[erlang-questions] Can OTP worker resume from same state after being restarted by supervisor?

Sun Sep 19 02:21:46 CEST 2010

# Tushar Deshpande 2010-09-19:
> I've a question about OTP's restart strategy.
> 
> I wrote a simple OTP application with just a root supervisor
> and a single worker.  The worker has an internal state defined
> by a single integer (count).  The 'count' is initialized to zero.
> Each call to the worker process increments this count by one.
> I called the worker process 5 times using gen_server:call.
> This updated current value of counter to be 5.
> 
> Then, I opened the appmon and killed the worker process.
> OTP supervisor promptly restarted it.  I thought that the
> process would be resume with the same state that it had at
> the time of crash.  But, I observed that for the restarted process,
> the 'counter' was reset to zero.

Right, this is the expected behaviour -- supervisor's children are
restarted with the arguments given in that supervisor's child specs
and these arguments are used by child's init/1 function to calculate
initial state.

Restarting with exactly the same internal state by default would
be a bad idea -- if that state led to a crash, then there's really
no reason at all to believe in it's integrity; better start all
over again.

> I would like the process to resume from the same state after
> it's restarted by supervisor.
> 
> Is it possible to do this in OTP?

Yes. If you want to store state persistently, you'd probably go with
Mnesia table, for transient storage (not preserved across application
restarts) you could use a public ETS table owned by a do-nothing server
process living alongside you child-supervisor.
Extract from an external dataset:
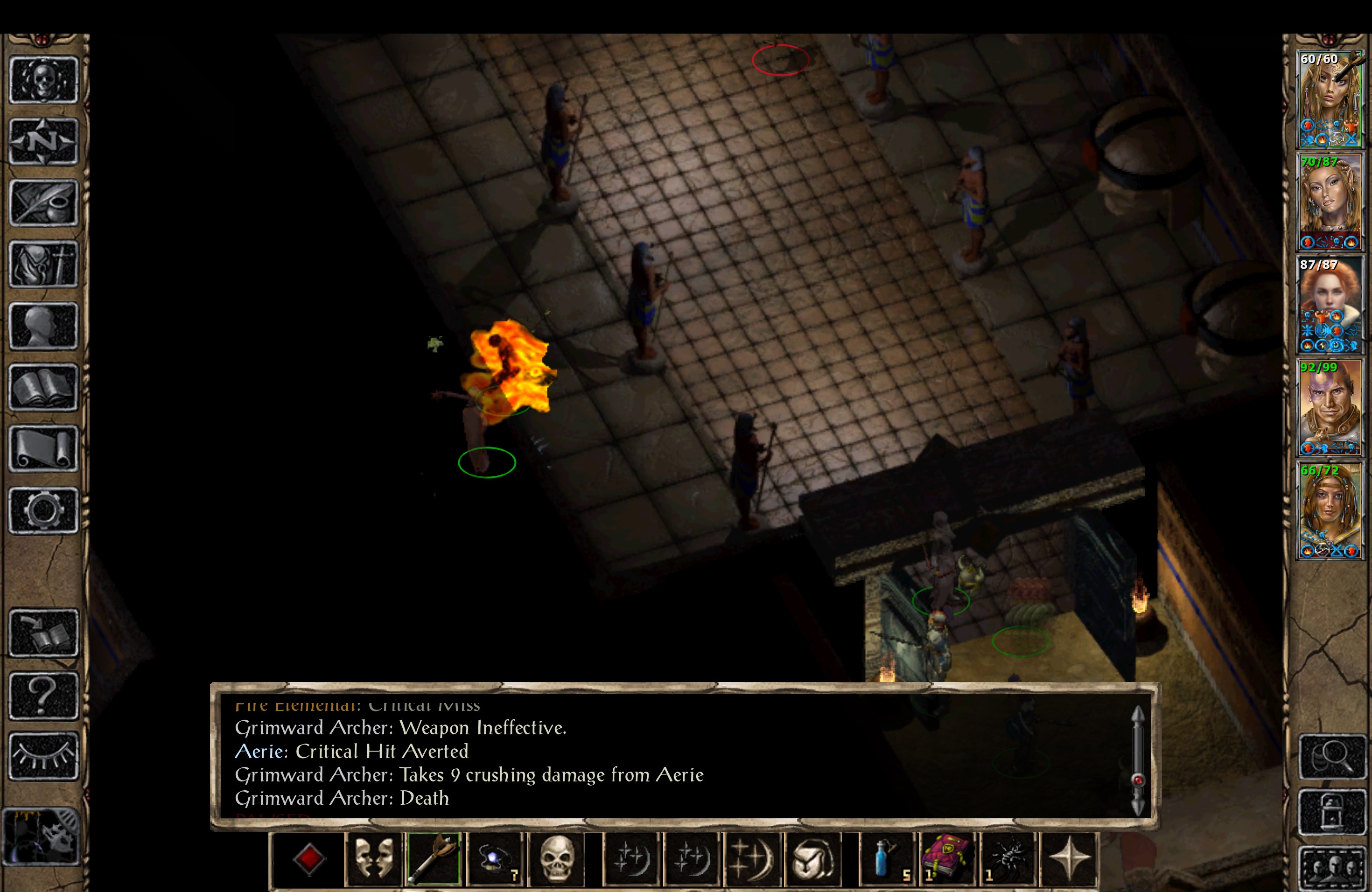 Screenshot 2024-07-14 at 8.12.01 AM.jpg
As to when to store worker process state snapshots -- you can either
isolate known-safe spots in worker lifetime or trap exits and store
state from terminate/2 callback. In more realistic scenarios, you'd
probably offload this responsibility from workers altogether and
come up with some kind of job manager server to deal with it instead.

Other point is that typically you'd want to store only carefully chosen
bits of worker state, instead of whole context structure -- that could
get messy if you're keeping track of more dynamic things than an integer
or two (think pids or ets ids or some transaction ids that could all be
long gone by the time you restart & restore worker context).

Lastly, for the particular case you're describing, you can remove the
counter from server state and instead rely on ets:update_counter/N
or mnesia:dirty_update_counter/N to manage it.

HTH,
	-- Jachym